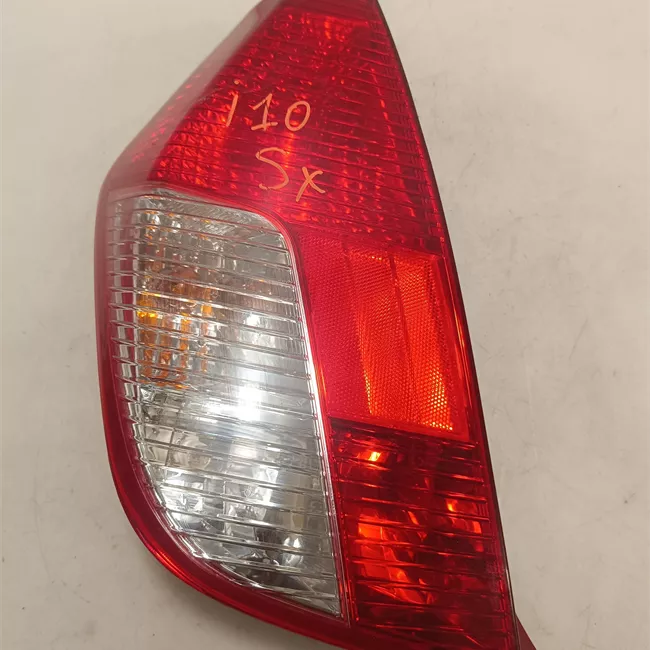 Fanale posteriore sinistro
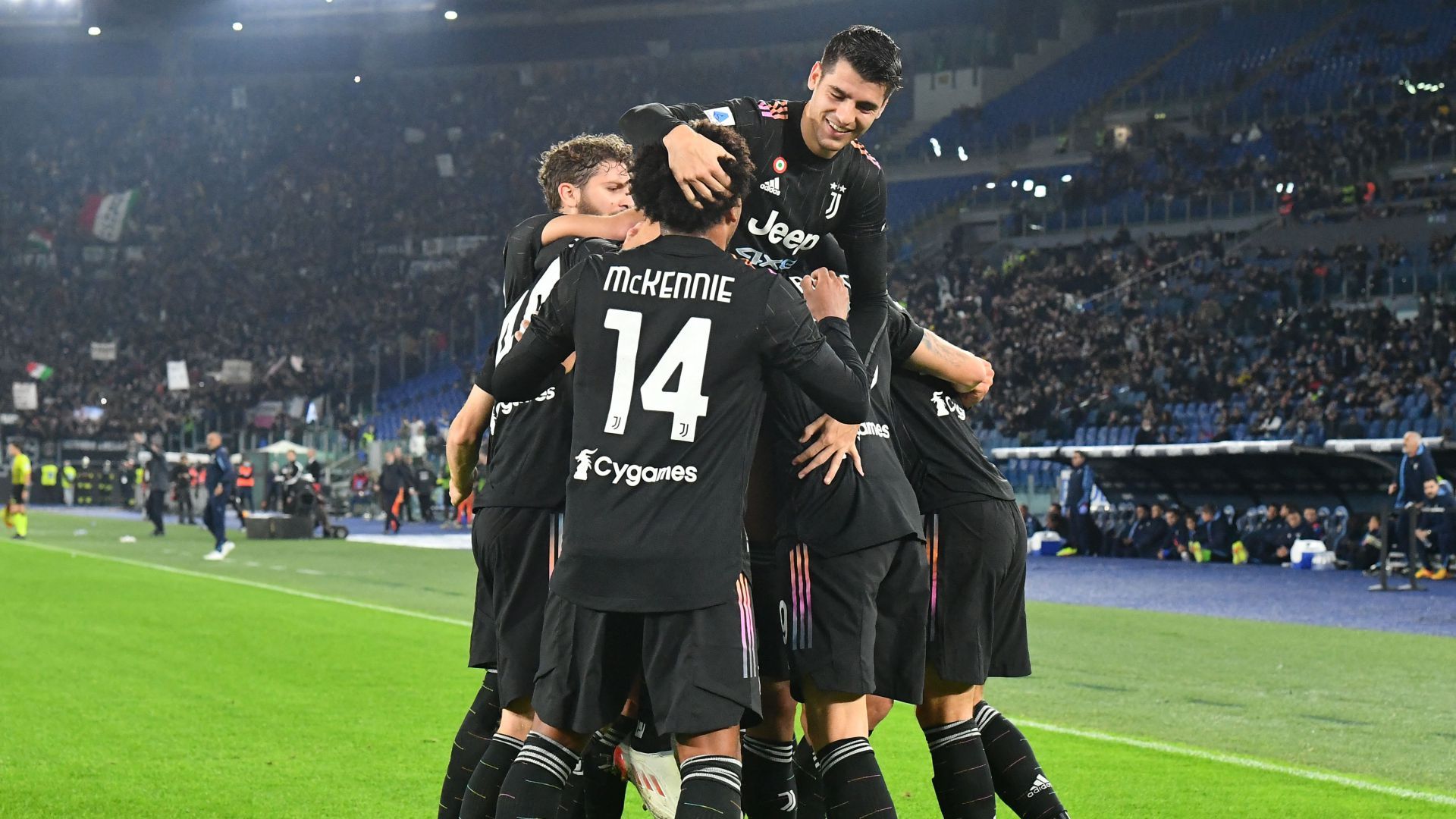 Juventus players celebrating Lazio Juventus Serie A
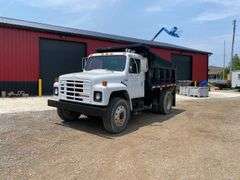 1985  International   S1700  Dump Truck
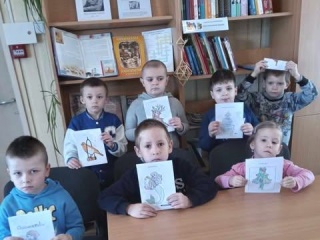 Kūrybinės dirbtuvės „Skaitome ir iliustruojame knygeles“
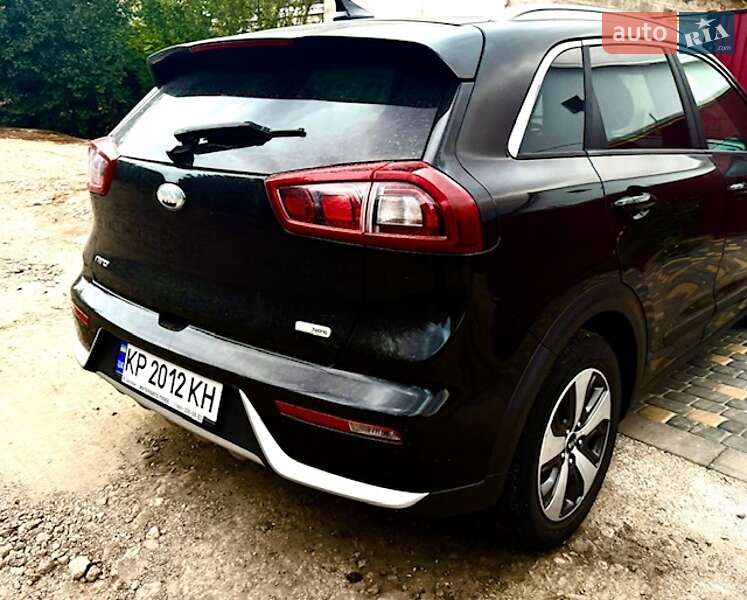 Внедорожник / Кроссовер Kia Niro 2017 в Запорожье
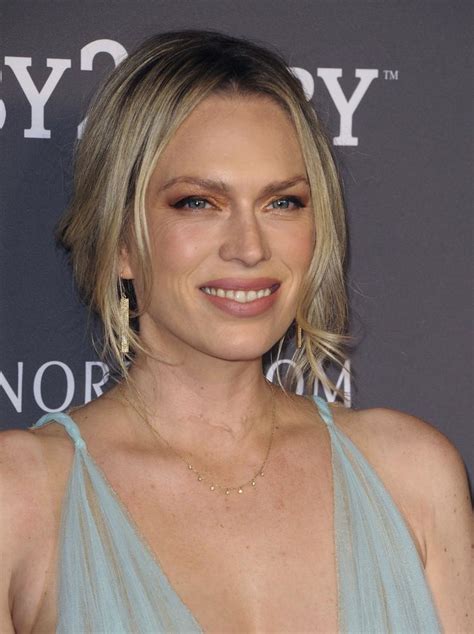 Erin Foster Has A Home Birth And Shares The Entire Experience Newsfinale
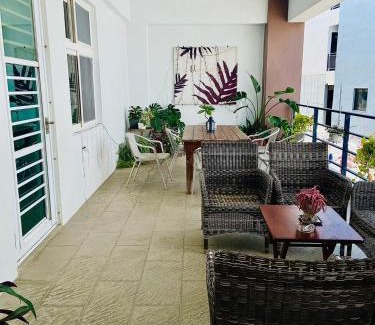 Big Beach House | Kenting Chingshan Inn
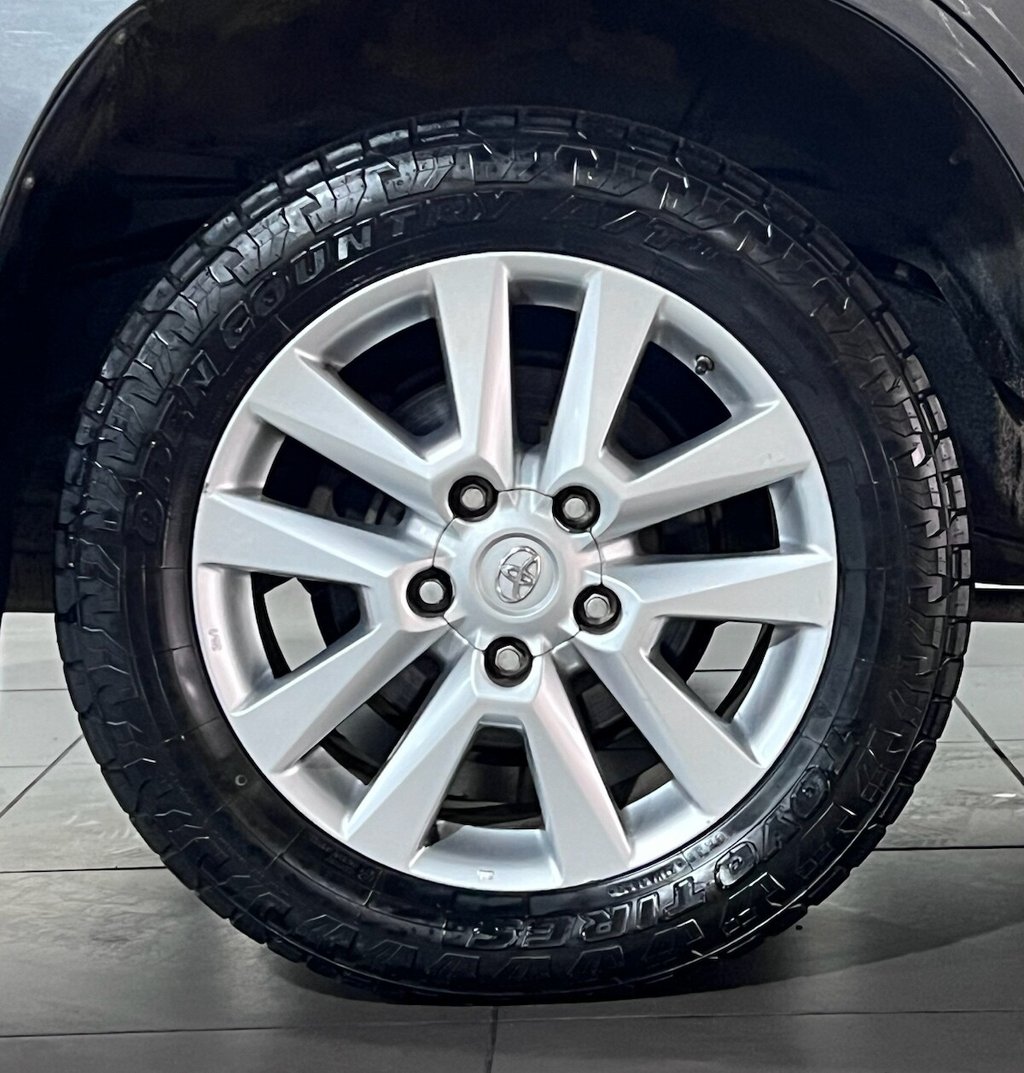 Used Toyota Land Cruiser 2015 for sale - 76417080: Photo 38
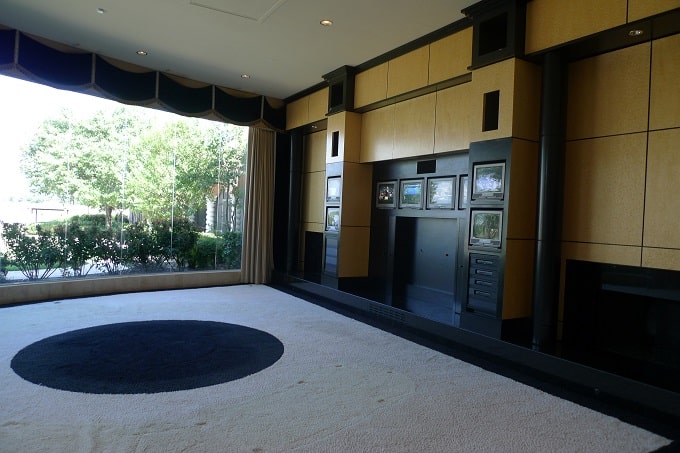 Deion-Sanders-47.jpgfamily-room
··········
The lines to repeat run from the line containing "Big Beach House | Kenting Chingshan Inn" through the last line of the material above; give them exactly, without the pictures.

TASK OUTPUT>
 Big Beach House | Kenting Chingshan Inn
 Used Toyota Land Cruiser 2015 for sale - 76417080: Photo 38
 Deion-Sanders-47.jpgfamily-room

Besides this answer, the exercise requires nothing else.